Arbitration Petition Denial: Fees Not In Order Where Denial Was Only An Interim Procedural Victory

Third District Distinguishes Its Facts From Otay in Unpublished Decision.

     In California, attorney’s fees are generally not recoverable for interim procedural victories.   The “prevailing party,” for purposes of fee recovery, usually must await a final deposition on the merits. However, there are exceptions.

     For example, Otay River Constructors v. San Diego Expressway, 158 Cal.App.4th 796, 801, 808 (2008) involved a sui generis fact pattern where the only proceeding being litigated in court at the time was a petition to compel arbitration. The trial court’s denial of the petition was a “discrete legal proceeding” giving rise to fees even if claims were pursued in another later action.

     Otay was distinguished recently in Hall-Mark Services, Inc. v. Harris & Associates, Case No. C056691 (3d Dist. Feb. 17, 2009) (unpublished). In contrast to Otay, there was pending litigation filed in court in which a petition to compel arbitration was initially denied. In a prior appeal, the Third District reversed the denial and remanded so that the petition to compel arbitration would be granted instead. The trial court granted the winning party in this case an award of routine costs but denied $37,589 in requested attorney’s fees. The lower court decided no contractual fees under Civil Code section 1717 were warranted until final disposition of the case.

     The trial court’s determination was sustained on appeal in a 3-0 decision authored by Acting Presiding Justice Raye, when the Third District dismissed the appeal based on the fact there was no appealable order.

     Appealing party relied on Otay , but the Third District interpreted its holding as being much more narrow in nature.
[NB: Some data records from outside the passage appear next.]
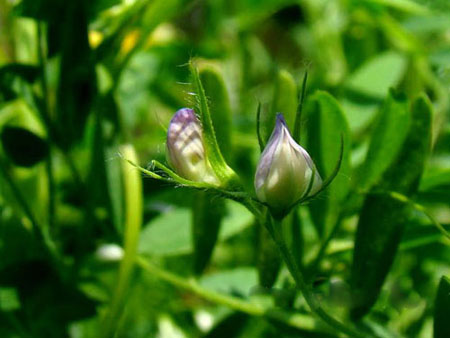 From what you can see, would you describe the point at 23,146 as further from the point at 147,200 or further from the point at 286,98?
the point at 286,98

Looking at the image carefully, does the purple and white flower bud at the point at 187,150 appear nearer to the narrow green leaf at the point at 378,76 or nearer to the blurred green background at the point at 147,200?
the blurred green background at the point at 147,200

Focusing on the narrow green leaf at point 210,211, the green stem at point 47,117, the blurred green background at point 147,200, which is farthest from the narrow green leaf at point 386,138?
the green stem at point 47,117

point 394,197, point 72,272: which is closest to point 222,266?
point 72,272

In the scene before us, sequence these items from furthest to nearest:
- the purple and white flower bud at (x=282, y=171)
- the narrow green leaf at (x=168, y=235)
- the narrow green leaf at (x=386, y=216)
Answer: the narrow green leaf at (x=168, y=235) → the narrow green leaf at (x=386, y=216) → the purple and white flower bud at (x=282, y=171)

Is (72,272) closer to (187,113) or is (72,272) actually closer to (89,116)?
(89,116)

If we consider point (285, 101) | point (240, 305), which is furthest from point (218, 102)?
→ point (240, 305)

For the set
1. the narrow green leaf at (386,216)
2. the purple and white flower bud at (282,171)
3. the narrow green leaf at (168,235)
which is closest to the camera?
the purple and white flower bud at (282,171) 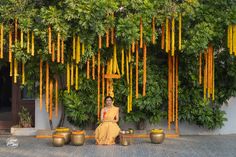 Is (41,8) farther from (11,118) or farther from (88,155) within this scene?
(11,118)

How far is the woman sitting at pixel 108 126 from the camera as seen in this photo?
12234 millimetres

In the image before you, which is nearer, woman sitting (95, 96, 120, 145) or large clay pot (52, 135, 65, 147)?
large clay pot (52, 135, 65, 147)

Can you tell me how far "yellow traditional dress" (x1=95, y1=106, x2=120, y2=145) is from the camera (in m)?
12.2

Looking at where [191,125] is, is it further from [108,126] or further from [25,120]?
[25,120]

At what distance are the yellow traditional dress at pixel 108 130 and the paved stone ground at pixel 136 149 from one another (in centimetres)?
24

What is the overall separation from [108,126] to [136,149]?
0.95 meters

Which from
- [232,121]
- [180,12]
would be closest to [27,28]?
[180,12]

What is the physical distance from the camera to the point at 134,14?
11.5 metres

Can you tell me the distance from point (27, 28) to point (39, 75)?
5.34 ft

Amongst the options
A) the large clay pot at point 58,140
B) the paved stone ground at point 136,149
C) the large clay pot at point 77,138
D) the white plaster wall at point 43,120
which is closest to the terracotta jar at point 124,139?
the paved stone ground at point 136,149

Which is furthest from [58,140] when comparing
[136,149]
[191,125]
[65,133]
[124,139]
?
[191,125]

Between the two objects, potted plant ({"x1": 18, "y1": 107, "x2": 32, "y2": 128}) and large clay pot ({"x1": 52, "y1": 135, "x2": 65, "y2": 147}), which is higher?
potted plant ({"x1": 18, "y1": 107, "x2": 32, "y2": 128})

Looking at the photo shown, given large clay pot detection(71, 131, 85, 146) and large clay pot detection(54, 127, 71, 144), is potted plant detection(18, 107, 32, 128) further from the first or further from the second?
large clay pot detection(71, 131, 85, 146)

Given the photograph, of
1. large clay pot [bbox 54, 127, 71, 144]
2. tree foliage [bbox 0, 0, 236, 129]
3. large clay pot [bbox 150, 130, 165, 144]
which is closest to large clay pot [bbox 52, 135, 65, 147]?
large clay pot [bbox 54, 127, 71, 144] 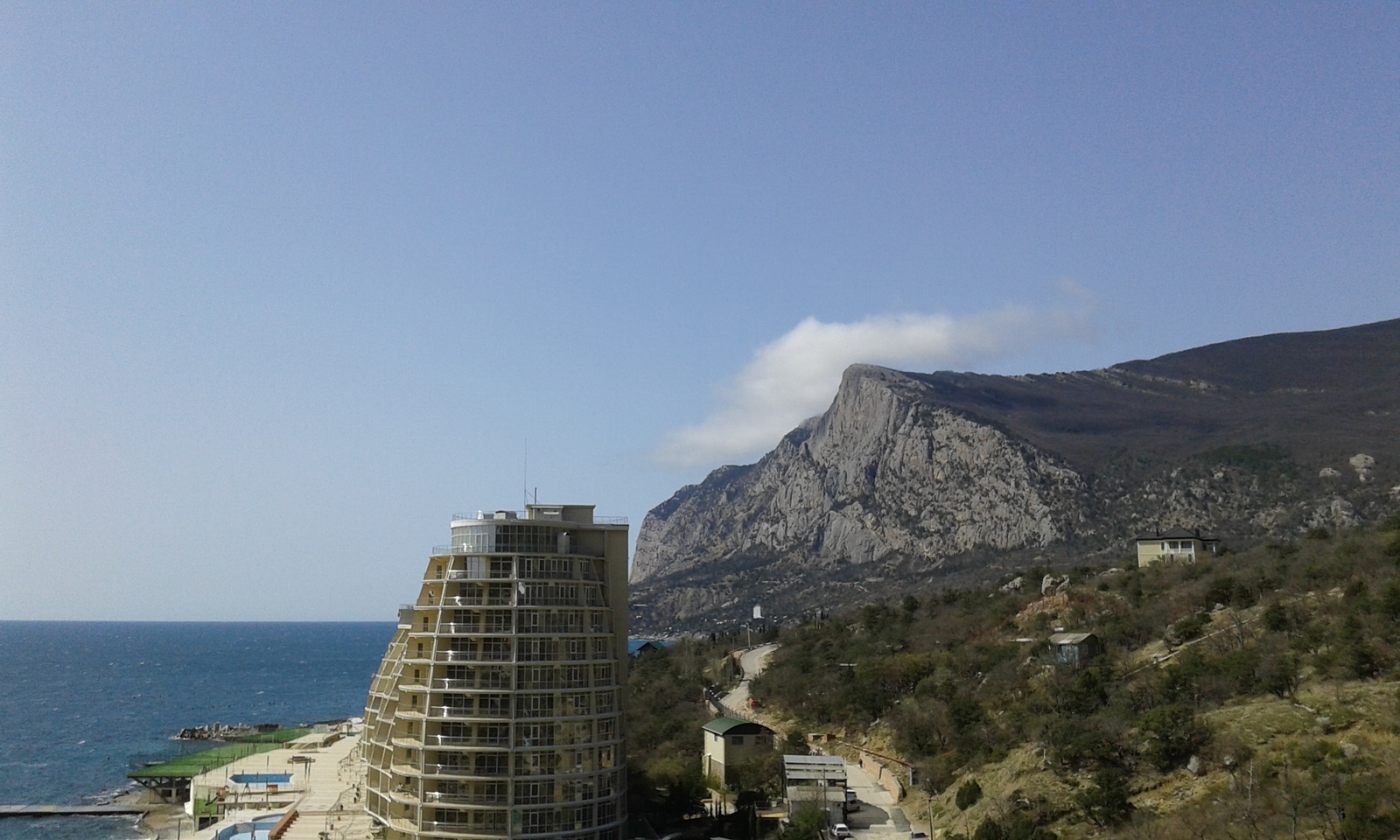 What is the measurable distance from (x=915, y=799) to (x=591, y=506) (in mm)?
24065

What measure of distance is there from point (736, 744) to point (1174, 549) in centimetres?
4580

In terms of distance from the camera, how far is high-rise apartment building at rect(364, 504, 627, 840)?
4859cm

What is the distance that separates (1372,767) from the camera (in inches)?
1544

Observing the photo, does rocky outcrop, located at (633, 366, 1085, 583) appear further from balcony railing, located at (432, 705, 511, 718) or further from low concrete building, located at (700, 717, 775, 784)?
balcony railing, located at (432, 705, 511, 718)

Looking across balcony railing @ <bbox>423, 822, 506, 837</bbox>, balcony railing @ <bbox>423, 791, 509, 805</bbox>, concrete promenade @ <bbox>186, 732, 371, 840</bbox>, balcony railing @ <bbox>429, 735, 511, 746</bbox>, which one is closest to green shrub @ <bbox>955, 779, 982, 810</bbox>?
balcony railing @ <bbox>423, 791, 509, 805</bbox>

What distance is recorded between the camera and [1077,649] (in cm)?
6700

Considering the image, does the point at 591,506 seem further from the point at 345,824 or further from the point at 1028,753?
the point at 1028,753

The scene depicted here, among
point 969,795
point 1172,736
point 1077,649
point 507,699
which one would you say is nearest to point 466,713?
point 507,699

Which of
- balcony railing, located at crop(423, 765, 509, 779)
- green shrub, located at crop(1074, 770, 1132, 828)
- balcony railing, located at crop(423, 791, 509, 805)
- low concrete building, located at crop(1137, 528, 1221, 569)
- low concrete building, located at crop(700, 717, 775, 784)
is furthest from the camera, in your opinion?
low concrete building, located at crop(1137, 528, 1221, 569)

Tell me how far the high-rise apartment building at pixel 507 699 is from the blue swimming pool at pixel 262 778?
33.3m

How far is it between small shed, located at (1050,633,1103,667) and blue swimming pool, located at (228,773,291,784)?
5771cm

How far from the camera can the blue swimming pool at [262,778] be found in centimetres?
8238

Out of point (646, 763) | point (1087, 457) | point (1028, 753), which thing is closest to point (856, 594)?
point (1087, 457)

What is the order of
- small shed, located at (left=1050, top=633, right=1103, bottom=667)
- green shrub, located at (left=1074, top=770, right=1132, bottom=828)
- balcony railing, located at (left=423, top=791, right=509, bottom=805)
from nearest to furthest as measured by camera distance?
green shrub, located at (left=1074, top=770, right=1132, bottom=828) < balcony railing, located at (left=423, top=791, right=509, bottom=805) < small shed, located at (left=1050, top=633, right=1103, bottom=667) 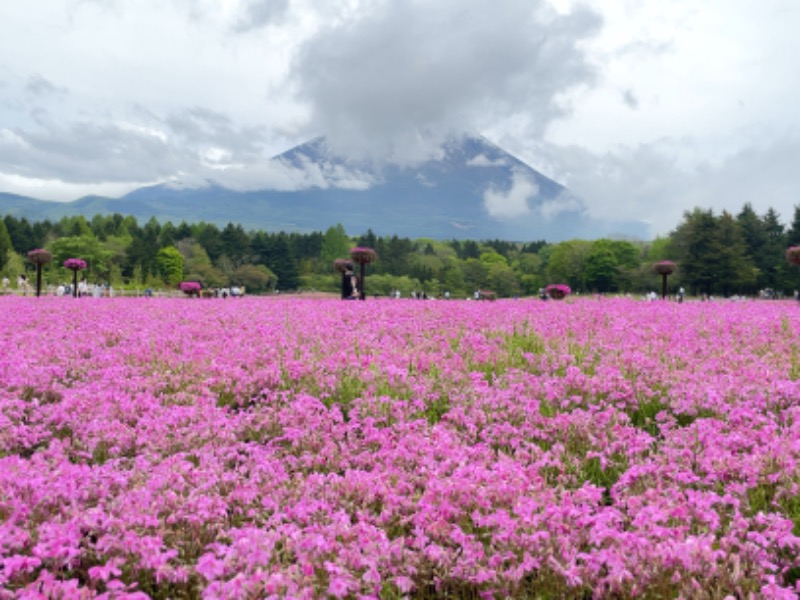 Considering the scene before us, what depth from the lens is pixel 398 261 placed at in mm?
150875

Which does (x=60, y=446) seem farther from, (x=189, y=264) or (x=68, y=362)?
(x=189, y=264)

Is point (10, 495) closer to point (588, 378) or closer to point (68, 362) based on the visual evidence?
point (68, 362)

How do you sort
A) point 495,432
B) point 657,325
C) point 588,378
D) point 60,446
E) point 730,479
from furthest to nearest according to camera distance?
1. point 657,325
2. point 588,378
3. point 495,432
4. point 60,446
5. point 730,479

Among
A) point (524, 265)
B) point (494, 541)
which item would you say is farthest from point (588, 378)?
point (524, 265)

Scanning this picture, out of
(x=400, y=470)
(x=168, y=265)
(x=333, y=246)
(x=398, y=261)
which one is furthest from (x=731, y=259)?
(x=333, y=246)

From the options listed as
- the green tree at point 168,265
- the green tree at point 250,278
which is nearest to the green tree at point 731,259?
the green tree at point 250,278

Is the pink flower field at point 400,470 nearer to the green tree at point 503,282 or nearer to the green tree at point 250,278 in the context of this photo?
the green tree at point 250,278

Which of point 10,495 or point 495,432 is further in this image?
point 495,432

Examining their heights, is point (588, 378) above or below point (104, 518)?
above

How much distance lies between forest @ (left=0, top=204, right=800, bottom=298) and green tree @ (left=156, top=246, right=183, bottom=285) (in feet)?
0.66

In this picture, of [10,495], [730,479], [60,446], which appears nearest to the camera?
[10,495]

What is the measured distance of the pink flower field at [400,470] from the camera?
334cm

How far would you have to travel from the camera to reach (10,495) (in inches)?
158

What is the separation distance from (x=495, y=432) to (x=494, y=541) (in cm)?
216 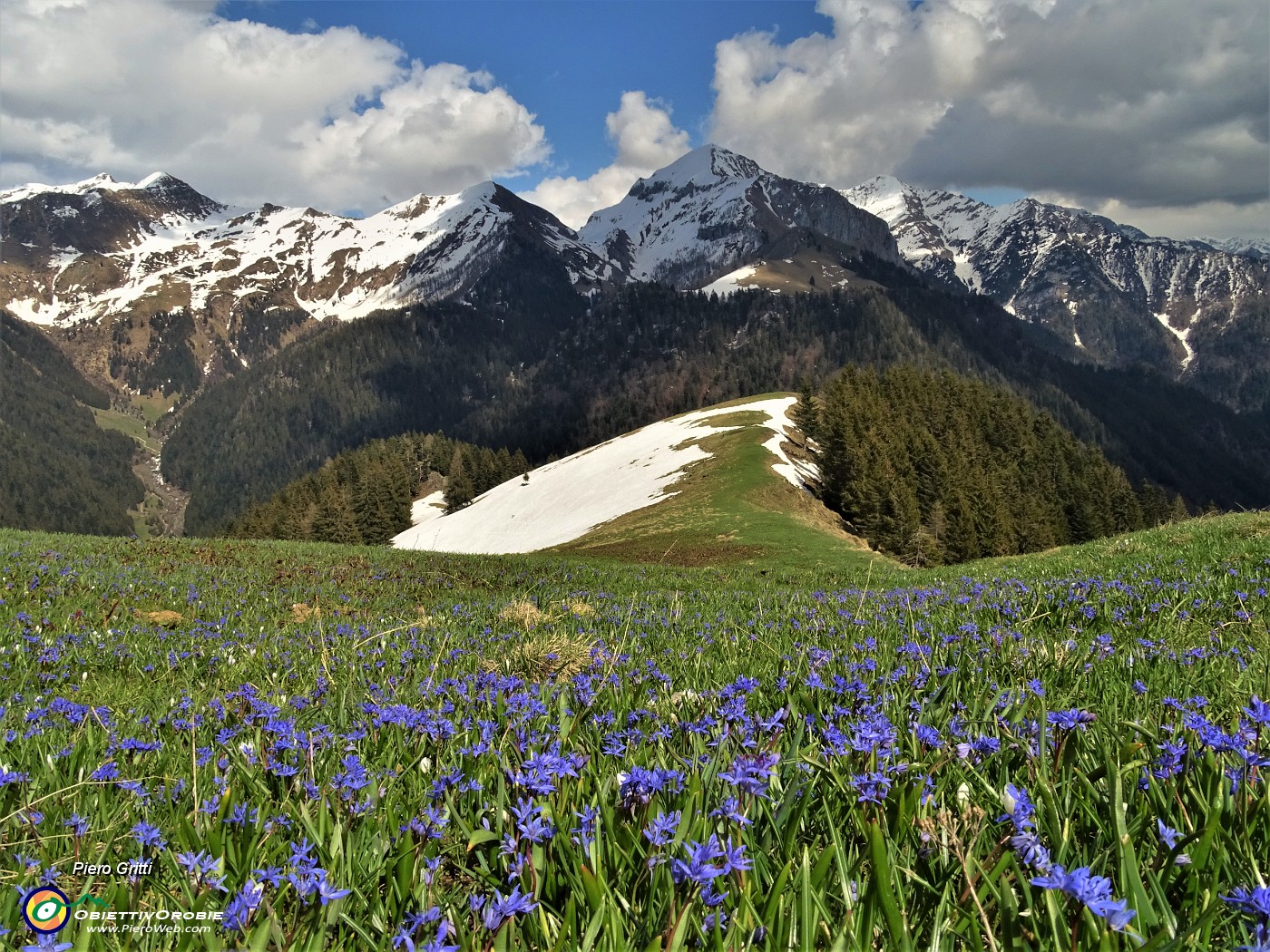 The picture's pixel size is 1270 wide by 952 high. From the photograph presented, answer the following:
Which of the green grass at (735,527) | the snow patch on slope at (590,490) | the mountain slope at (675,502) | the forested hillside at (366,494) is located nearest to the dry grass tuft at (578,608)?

Because petitioning party was involved in ongoing litigation and the petition to compel was not a discrete, stand alone legal proceeding, Otay was inapt. Also, the order granting the petition to compel arbitration “cannot be considered the equivalent of a judgment in such a proceeding” but was “an interlocutory procedural ruling directing that some of the claims at issue be resolved through arbitration, not litigation.” (Slip Opn., at p. 9.) An order compelling arbitration does not terminate a proceeding in such a way as to be fairly characterized as a final judgment that can be appealed under Code of Civil Procedure section 1294(e). (Accord, Lachkar v. Lachkar, 182 Cal.App.3d 641, 646 (1986); La Pietra v. Freed, 87 Cal.App.3d 1025, 1030 (1978).)

     The Third District did observe that the trial court can determine which party prevailed and which side was entitled to fees/costs once there was a final judgment in the case.